La Suprema Corte, con la sentenza n. 2021 del 4 febbraio 2015, ha ribadito il principio secondo cui “il requisito della specificità della previa contestazione dell’addebito, necessaria in funzione dei licenziamenti qualificabili come disciplinari, non è integrato dalla certezza dei fatti addebitati ma dalla idoneità della contestazione a realizzare il risultato perseguito dalla legge ossia consentire al lavoratore una puntuale difesa, ed a tal fine si richiede soltanto che la contestazione individui i fatti addebitati con sufficiente precisione, anche se sinteticamente, per modo che non risulti incertezza circa l’ambito delle questioni sulle quali il lavoratore è chiamato a difendersi”.

Del pari ha confermato il principio secondo cui “in tema di licenziamento disciplinare, la violazione del principio di immutabilità della contestazione non può essere ravvisata in ogni ipotesi di divergenza tra i fatti posti a base della contestazione iniziale e quelli che sorreggono il provvedimento disciplinare, occorrendo verificare se tale divergenza comporti in concreto una violazione del diritto di difesa del lavoratore”.

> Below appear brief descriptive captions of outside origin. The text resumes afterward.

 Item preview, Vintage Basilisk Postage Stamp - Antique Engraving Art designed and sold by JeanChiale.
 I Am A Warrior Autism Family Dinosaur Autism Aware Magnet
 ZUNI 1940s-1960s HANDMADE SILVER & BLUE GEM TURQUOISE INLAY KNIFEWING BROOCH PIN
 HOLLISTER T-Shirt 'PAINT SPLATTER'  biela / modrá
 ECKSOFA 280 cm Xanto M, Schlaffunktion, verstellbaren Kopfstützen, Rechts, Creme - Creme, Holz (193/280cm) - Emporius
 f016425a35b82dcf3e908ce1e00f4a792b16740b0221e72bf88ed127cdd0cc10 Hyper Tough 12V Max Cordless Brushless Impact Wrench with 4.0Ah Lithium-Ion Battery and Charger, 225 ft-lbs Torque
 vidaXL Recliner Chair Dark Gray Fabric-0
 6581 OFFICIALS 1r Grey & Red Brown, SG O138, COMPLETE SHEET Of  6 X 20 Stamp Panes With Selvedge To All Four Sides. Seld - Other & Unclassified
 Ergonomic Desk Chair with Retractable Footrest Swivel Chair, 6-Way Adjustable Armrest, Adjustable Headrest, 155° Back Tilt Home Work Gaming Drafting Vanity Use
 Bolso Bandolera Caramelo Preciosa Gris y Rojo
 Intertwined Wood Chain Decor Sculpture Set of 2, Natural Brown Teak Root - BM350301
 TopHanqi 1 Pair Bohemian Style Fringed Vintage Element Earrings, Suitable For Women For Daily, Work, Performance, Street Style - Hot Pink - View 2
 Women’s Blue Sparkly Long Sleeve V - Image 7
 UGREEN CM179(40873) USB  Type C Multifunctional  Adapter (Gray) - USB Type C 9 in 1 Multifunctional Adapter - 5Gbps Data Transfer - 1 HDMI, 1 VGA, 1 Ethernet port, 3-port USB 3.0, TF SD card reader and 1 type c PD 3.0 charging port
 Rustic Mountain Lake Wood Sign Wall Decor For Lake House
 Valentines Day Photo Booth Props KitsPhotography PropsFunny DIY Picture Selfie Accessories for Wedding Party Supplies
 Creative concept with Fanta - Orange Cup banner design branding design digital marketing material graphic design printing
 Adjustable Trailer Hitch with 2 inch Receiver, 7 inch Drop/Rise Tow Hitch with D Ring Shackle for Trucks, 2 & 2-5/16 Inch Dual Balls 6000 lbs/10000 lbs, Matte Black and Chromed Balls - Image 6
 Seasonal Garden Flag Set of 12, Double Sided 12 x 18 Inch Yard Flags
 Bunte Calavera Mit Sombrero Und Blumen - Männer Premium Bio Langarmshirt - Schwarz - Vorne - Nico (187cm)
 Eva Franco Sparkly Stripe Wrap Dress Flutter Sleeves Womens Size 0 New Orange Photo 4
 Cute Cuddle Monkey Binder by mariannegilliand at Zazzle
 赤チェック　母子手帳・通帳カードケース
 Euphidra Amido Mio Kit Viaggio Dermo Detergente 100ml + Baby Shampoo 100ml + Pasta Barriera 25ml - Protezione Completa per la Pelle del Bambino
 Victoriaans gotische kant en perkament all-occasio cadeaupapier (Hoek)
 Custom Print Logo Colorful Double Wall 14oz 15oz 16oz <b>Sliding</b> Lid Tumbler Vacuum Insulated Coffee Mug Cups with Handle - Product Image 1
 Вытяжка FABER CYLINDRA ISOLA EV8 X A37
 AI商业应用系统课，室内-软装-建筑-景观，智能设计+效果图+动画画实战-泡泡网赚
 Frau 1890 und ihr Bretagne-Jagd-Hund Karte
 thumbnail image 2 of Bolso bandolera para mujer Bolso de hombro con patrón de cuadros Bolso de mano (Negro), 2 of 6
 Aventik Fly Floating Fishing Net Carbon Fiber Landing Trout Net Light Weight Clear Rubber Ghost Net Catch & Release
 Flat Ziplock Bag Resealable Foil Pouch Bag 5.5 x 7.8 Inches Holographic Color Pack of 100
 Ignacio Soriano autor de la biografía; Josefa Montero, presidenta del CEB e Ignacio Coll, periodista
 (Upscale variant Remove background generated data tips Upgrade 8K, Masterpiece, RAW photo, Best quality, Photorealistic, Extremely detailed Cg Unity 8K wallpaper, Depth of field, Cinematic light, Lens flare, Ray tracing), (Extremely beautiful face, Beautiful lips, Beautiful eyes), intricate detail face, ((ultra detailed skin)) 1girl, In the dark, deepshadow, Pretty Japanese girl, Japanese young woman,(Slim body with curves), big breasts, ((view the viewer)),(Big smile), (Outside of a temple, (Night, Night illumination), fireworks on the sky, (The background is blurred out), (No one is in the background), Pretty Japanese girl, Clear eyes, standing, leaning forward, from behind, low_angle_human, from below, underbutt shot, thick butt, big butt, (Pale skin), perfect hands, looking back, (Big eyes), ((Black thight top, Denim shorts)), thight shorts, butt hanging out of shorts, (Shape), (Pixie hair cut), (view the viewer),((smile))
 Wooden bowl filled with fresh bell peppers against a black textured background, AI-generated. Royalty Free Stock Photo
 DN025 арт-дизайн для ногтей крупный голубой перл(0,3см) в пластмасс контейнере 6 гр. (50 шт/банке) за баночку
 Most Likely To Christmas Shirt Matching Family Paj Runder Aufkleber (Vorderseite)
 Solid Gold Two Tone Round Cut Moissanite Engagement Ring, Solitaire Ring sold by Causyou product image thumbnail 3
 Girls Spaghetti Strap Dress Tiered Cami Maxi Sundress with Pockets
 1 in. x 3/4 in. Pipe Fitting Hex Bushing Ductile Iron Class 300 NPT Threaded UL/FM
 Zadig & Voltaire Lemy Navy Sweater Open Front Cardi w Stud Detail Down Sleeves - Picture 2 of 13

Sulla scorta delle anzidette regulae iuris, i Giudici di legittimità, con riguardo al licenziamento disciplinare intimato da una società di assicurazione per “presunti errori tecnici e formali” commessi dal dipendente addetto al centro liquidazioni del danno, hanno ritenuto che la prospettazione dei fatti fornita in giudizio dalla datrice di lavoro, ampliati rispetto a quelli contenuti nella lettera di contestazione disciplinare, non integrasse una indebita introduzione di fatti nuovi non previamente contestati ovvero l’attribuzione di una diversa e più grave valenza disciplinare, quanto una legittima attività di difesa volta a corroborare la prova della giustificatezza del licenziamento.